I am a fourth year Ph.D. student and I just started in person this year. I was an undergraduate in Nankai University Tianjin, China. In my undergraduate project, I focused on gene character analysis in Candida albicans. Then I got my master's degree at Tufts University. In Tufts my project was oral drug delivery by PH sensitive biomaterial. Because I want to do some signaling pathway associated genetic disease related research, I came to Dr. Atit’s lab. I have been here for several years in the lab, I find all the students in this lab are enthusiastic and each person will give you advice for your project when you give the presentation that will strengthen your critical thinking a lot. In my spare time I’d like to go traveling. The natural landscapes are the most attractive place for me.
My Project
Fibrosis of the skin affects nearly 5% of people worldwide annually, yet there are no effective treatments for its reversal. Your skin’s dermis is composed of fibroblasts and extracellular matrix or ECM and a prominent layer of dermal fat, composed of adipocytes. Skin fibrosis is characterized by dermal thickening caused by fibroblast activation and increased ECM deposition as well as the loss of dermal fat. This fat loss is poorly understood, but greatly impacts the function and mechanical properties of your skin. What we want to know is how dermal fat is lost? Which signals or processes are involved?

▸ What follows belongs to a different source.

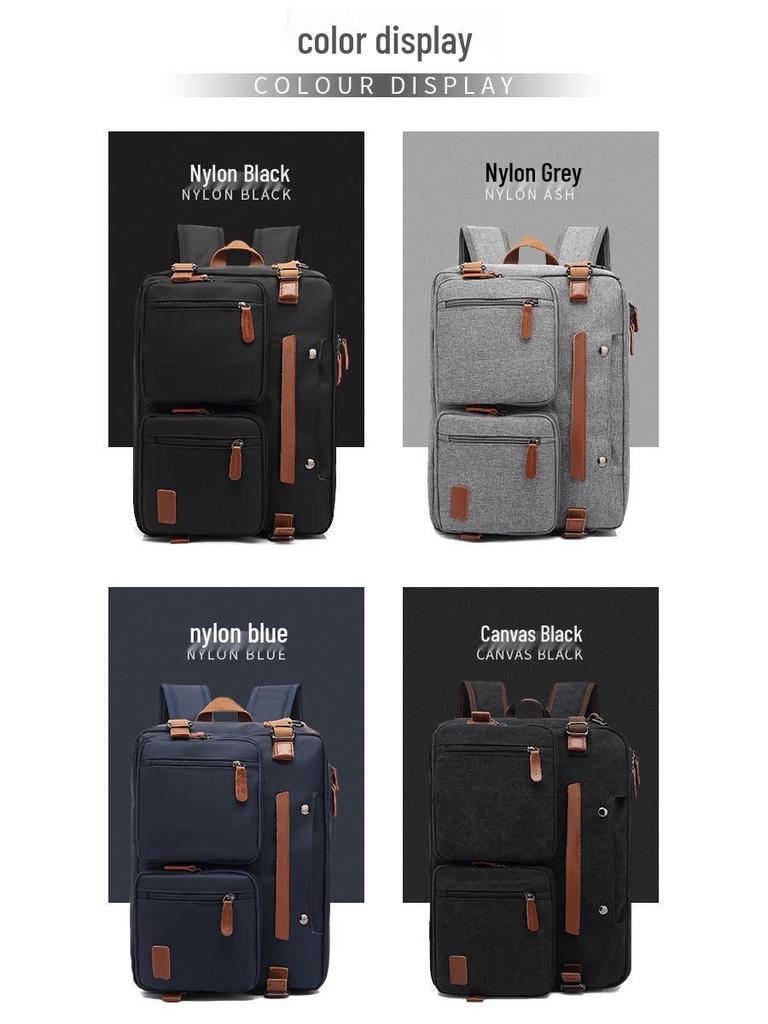 Mångsidig Canvasryggsäck för Män med Hög Kapacitet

The Wnt signaling pathway stands out from other pro-fibrotic signaling pathways because it’s involved in fibroblast/adipocyte cell fate decisions. When we activate Wnt signaling in mouse skin, we can cause fibrosis including dermal fat loss. Thus, we hypothesized that, Wnt signaling induces fibrotic fat loss via lipolysis (which is the process by which lipid is broken down into fatty acids and glycerol). Within a few days of Wnt activation in mouse skin we see evidence of lipid depletion including reduction in adipocyte size, visible lipid breakdown by electron microscopy, and an increase in the active form of key lipolytic enzymes. In vitro, Wnt activation also exerts cell autonomous lipolytic effects.
My project is testing if Wnt signaling activation in mature fat cells is sufficient to causes lipid depletion and contribute to skin fibrosis. My research also tests the role of Wnt signaling pathway induced lipodystrophy of the mature dermal white adipocytes is dependent on the lipolysis pathway.